If you proceed, I will use a series of questions to guide you to the conclusions.

Do you believe that there is a God?
If so, what kind of God - good or evil, wise or foolish, active or passive in the affairs of men?
If God is such a great being, what does he want from men?
How does man's free will play into the relationship between God and man?
If God is perfect, can God tolerate sin? If man has a sinful nature or can freely choose sin, then how does God bring man into fellowship?
Can mankind obtain perfection of their own effort? Aren't there things that man should do but does not and through their ignorance does not even know that they should be doing them. How can man ever obtain a perfect state and thus approach God without sin?
Isn't there a price or justice that has to be made to atone for sin. We see this in our laws. If I steal from my fellow man don't I have the obligation to make restitution?
What does God expect from man to make atonement for sin? How can man make an atonement for a sin of omission i.e. does not even know that he needs to make atonement because he does not even know he has sinned?
If God is a God of love and desires fellowship with mankind, would God leave man to flounder about on his own in spiritual darkens, or would God provide guidance, counsel and leadership to mankind?

These are all questions used to frame a conversation with a professed agnostic. Answers to these questions can be steered into an number of religions or away from religions.

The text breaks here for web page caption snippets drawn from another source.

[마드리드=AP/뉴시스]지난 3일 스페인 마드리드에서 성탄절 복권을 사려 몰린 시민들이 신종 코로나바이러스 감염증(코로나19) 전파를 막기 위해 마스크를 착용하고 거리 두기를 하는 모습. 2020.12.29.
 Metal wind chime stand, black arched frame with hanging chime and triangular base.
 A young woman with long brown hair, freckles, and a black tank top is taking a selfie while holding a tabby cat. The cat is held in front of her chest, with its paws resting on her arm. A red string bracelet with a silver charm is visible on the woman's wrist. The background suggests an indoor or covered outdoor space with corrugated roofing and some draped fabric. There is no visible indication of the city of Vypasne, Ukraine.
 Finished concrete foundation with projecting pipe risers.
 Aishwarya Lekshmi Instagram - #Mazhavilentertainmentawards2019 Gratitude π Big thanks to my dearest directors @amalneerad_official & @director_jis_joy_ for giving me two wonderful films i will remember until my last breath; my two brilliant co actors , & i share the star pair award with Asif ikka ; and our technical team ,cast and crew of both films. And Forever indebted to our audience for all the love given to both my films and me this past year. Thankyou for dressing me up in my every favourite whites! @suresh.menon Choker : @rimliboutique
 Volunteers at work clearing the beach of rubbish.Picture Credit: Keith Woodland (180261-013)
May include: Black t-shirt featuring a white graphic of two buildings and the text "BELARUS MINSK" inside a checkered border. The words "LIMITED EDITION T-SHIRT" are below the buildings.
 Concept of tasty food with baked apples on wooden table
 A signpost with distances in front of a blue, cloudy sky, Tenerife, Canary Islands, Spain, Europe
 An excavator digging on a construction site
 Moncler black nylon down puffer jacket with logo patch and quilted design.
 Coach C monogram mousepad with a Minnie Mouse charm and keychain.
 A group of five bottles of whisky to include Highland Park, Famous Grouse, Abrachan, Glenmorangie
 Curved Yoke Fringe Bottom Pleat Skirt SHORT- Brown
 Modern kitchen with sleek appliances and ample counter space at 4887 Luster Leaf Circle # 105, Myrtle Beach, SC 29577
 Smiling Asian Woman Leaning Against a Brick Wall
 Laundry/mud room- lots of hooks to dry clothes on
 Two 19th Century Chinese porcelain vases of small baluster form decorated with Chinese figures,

If I use my knowledge of my faith to answer these questions or guide you to answer these questions, then you will come to a position where you accept that:

There is a God.
God is loving and seeks to have fellowship with man
Man has free will to choose or reject God
God is perfect and can not or will not taint himself with sin.
Man's free will means that he has a sinful nature
Man can not ever obtain perfection on his own
God's perfection requires that atonement be made for sin
God has made a way for man to receive the atonement for sin
God would not leave man to his own understanding and fate
God has provided messages through scripture to tell man of the path of atonement.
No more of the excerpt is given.